The aims defined above can be realized by means of lightweight linguistic annotation using attributes that belong to the att.linguistic class:
- att.linguistic provides a set of attributes concerning linguistic features of tokens, for usage within token-level elements, specifically w and pc in the analysis module.
lemma provides a lemma (base form) for the word, typically uninflected and serving both as an identifier (e.g. in dictionary contexts, as a headword), and as a basis for potential inflections. pos (part of speech) indicates the part of speech assigned to a token (i.e. information on whether it is a noun, adjective, or verb), usually according to some official reference vocabulary (e.g. for German: STTS, for English: CLAWS, for Polish: NKJP, etc.). msd (morphosyntactic description) supplies morphosyntactic information for a token, usually according to some official reference vocabulary (e.g. for German: STTS-large tagset; for a feature description system designed as (pragmatically) universal, see Universal Features). join when present, it provides information on whether the token in question is adjacent to another, and if so, on which side. The definition of this attribute is adapted from ISO MAF (Morpho-syntactic Annotation Framework), ISO 24611:2012.

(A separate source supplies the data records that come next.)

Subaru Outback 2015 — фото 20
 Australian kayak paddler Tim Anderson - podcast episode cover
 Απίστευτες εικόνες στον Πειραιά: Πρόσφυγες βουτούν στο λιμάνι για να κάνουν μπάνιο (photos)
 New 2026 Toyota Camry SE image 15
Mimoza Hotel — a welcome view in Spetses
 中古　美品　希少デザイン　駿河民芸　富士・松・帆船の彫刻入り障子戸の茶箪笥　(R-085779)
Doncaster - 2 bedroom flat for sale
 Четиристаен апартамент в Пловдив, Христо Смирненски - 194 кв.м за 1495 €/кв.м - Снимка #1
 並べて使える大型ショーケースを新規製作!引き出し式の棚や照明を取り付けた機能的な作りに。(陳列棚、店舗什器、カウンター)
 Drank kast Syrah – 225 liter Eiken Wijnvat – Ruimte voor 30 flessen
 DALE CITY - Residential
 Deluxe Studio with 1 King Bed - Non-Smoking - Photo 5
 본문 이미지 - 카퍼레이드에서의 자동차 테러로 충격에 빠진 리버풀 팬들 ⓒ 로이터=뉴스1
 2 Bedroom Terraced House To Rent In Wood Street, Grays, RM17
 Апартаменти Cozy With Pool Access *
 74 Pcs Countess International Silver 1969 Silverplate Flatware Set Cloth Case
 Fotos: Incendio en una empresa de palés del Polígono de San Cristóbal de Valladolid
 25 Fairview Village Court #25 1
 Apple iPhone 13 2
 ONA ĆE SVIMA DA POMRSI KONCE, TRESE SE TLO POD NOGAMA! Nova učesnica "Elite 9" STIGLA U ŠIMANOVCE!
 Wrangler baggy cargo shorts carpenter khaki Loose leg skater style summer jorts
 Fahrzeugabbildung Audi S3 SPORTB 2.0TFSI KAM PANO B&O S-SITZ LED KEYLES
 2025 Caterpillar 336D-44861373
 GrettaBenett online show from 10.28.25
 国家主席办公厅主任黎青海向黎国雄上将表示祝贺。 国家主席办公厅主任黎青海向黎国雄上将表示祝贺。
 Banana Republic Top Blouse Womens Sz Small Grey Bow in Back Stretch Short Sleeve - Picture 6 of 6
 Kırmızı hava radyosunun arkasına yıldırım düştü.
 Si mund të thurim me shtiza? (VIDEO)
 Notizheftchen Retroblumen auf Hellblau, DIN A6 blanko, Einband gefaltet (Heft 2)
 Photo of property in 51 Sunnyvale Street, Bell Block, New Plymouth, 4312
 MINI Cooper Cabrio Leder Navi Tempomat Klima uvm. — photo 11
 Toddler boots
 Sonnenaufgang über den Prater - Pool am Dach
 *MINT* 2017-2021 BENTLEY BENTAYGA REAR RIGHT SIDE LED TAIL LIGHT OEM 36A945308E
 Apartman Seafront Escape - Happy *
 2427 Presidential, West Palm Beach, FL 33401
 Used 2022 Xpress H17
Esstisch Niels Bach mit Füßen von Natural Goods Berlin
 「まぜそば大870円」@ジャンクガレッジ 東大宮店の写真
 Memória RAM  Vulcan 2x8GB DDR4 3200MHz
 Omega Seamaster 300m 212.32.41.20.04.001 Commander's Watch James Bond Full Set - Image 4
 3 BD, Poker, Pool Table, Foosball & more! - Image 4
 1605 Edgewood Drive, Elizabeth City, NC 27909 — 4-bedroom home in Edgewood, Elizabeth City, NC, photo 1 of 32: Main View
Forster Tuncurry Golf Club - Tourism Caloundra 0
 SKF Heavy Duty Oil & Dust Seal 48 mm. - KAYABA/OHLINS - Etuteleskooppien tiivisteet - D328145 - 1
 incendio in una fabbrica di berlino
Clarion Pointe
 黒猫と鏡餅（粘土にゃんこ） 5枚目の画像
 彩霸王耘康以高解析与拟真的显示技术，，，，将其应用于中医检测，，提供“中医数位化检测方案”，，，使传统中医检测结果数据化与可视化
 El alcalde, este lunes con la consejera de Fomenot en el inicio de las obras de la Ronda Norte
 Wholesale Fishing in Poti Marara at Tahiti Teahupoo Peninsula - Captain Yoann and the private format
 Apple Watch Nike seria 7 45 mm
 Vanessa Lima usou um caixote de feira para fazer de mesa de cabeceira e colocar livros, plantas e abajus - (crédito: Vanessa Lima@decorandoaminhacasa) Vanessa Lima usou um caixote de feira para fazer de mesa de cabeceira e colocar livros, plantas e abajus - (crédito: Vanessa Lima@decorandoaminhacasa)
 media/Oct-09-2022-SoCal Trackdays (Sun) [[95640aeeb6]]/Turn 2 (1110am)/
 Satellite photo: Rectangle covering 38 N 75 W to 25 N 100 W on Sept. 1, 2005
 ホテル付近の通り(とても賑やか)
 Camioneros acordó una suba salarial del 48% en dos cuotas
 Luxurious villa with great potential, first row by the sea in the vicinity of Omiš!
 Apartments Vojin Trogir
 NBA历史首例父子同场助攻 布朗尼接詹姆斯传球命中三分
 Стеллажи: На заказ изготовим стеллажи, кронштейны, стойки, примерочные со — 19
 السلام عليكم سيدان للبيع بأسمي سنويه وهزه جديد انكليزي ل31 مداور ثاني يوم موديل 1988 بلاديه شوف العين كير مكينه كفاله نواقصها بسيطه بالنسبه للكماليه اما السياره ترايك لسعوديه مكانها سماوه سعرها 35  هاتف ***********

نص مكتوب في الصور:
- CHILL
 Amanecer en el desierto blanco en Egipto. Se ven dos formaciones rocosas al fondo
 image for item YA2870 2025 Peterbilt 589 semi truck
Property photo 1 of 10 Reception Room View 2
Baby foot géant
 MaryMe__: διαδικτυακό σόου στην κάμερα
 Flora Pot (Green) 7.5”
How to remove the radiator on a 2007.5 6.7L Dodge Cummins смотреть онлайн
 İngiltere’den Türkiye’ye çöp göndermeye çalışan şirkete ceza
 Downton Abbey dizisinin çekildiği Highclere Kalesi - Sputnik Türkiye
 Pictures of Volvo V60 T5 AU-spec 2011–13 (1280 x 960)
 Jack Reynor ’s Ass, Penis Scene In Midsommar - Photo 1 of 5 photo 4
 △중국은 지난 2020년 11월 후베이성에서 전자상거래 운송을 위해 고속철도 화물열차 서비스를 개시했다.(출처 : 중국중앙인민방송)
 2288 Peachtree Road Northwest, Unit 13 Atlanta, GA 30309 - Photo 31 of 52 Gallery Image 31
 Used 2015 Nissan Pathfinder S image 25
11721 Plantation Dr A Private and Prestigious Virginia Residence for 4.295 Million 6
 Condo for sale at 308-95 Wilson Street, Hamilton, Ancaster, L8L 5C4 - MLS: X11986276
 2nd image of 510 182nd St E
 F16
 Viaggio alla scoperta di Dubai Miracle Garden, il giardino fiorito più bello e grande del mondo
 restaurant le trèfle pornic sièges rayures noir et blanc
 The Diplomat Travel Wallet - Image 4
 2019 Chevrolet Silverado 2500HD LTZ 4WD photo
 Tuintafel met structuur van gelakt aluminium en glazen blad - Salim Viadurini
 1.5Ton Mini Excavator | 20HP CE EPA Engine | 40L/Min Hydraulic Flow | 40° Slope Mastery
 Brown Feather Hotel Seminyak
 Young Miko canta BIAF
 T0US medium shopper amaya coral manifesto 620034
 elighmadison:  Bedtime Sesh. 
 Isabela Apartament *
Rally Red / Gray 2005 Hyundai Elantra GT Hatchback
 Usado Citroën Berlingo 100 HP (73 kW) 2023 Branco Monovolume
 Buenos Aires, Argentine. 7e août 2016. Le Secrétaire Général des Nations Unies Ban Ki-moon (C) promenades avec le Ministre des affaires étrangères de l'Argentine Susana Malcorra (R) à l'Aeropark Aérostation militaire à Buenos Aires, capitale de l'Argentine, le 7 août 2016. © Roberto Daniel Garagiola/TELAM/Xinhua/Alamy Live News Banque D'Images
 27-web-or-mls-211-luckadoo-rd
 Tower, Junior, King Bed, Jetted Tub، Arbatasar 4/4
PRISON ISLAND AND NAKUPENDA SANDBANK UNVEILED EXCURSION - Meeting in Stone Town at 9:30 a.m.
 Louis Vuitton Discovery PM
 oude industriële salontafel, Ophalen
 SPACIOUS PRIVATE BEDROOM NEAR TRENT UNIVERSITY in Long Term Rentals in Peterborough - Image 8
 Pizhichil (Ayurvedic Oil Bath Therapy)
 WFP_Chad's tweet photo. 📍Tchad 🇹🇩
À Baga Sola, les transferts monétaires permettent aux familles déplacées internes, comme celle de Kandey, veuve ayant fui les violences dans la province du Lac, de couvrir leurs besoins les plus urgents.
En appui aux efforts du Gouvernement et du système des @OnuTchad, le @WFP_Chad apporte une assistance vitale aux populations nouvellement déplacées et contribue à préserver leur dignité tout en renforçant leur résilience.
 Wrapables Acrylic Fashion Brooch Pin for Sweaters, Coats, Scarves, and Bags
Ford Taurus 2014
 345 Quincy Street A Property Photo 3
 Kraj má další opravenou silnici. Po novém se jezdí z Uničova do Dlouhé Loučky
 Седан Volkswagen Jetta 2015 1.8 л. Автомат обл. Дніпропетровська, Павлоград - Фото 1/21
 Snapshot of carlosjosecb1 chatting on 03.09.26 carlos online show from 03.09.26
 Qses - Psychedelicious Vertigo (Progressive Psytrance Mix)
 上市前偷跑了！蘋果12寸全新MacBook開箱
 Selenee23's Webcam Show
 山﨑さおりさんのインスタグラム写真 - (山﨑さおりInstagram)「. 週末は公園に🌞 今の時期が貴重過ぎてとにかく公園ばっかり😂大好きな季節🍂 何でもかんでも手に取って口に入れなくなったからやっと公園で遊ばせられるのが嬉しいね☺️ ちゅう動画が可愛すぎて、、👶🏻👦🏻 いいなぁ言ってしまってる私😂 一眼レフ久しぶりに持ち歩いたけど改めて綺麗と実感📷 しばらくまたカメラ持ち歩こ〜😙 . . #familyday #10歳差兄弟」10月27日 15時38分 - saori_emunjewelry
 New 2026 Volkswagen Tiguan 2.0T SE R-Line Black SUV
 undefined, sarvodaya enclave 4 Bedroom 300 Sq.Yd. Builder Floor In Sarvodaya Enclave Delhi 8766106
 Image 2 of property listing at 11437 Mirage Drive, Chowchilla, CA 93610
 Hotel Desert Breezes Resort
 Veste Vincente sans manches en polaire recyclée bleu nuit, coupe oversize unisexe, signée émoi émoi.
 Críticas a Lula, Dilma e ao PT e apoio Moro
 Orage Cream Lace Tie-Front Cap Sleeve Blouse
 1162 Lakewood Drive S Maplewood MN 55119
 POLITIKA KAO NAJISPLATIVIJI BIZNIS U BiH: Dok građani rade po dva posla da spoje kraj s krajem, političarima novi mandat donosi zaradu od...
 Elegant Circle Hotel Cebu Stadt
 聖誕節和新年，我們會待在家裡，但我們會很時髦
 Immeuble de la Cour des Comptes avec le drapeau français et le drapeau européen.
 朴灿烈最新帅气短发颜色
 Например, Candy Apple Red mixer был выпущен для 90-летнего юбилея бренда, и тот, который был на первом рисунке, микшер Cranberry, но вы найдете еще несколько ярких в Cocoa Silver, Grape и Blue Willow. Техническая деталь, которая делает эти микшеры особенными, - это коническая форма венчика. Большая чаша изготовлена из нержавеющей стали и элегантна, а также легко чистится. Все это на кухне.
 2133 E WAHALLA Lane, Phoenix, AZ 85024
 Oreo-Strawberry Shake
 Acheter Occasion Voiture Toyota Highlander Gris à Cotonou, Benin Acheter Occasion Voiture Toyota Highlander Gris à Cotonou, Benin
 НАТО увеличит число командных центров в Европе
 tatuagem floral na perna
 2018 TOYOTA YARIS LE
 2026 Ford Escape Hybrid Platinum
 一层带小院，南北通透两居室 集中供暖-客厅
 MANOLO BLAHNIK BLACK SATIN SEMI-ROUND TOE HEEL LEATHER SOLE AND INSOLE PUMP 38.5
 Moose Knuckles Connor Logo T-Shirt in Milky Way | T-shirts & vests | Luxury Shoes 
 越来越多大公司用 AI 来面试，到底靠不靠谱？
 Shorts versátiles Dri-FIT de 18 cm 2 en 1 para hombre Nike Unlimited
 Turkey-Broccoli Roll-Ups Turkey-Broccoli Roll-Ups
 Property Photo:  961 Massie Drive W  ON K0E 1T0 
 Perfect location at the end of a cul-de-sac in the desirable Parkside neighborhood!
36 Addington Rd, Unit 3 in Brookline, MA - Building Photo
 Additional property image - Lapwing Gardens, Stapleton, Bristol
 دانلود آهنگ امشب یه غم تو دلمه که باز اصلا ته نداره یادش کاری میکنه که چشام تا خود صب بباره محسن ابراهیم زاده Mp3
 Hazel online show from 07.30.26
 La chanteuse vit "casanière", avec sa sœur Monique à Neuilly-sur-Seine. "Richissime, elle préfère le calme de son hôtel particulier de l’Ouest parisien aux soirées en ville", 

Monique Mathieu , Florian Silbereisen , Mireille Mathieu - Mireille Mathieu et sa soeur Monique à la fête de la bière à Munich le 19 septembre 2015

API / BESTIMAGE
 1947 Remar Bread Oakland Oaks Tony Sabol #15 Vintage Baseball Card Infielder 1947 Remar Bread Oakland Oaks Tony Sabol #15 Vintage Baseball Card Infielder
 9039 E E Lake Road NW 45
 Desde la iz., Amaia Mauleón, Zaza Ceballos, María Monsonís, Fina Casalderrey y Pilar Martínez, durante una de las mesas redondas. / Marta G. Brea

The essence of lightweight linguistic annotation is that the basic grammatical information is encapsulated at the word level, together with the orthographic shape of the word. This has clear advantages for automatic processing but, on the other hand, this form of data encapsulation also imposes restrictions on the extent of information that can be encoded, essentially limiting it to a single tokenization and lemmatization schema, a single tagset, and a subset of the possible analyses (out from potentially many guesses at the part-of-speech or morphosyntactic descriptions, single values have to fit into the existing attributes). Another important principle that this kind of annotation is sensitive to is the need for (near) homomorphism between the assumed tokenization (division of the text stream into minimal units) and the division into minimal syntactic units (word forms, in the terminology of ISO Morpho-Syntactic Framework, ISO 2461178), because it is the former that results from the process of tokenization, but the latter that can be lemmatized and meaningfully described by means of grammatical features. Where tokens are only minimally mismatched with word forms, various repair strategies can be used (e.g., recursing w to capture multi-token compounds or using att.fragmentable to point at disjoint tokens). Beyond that, more robust TEI mechanisms, based on standoff principles and feature structures, should replace lightweight annotation.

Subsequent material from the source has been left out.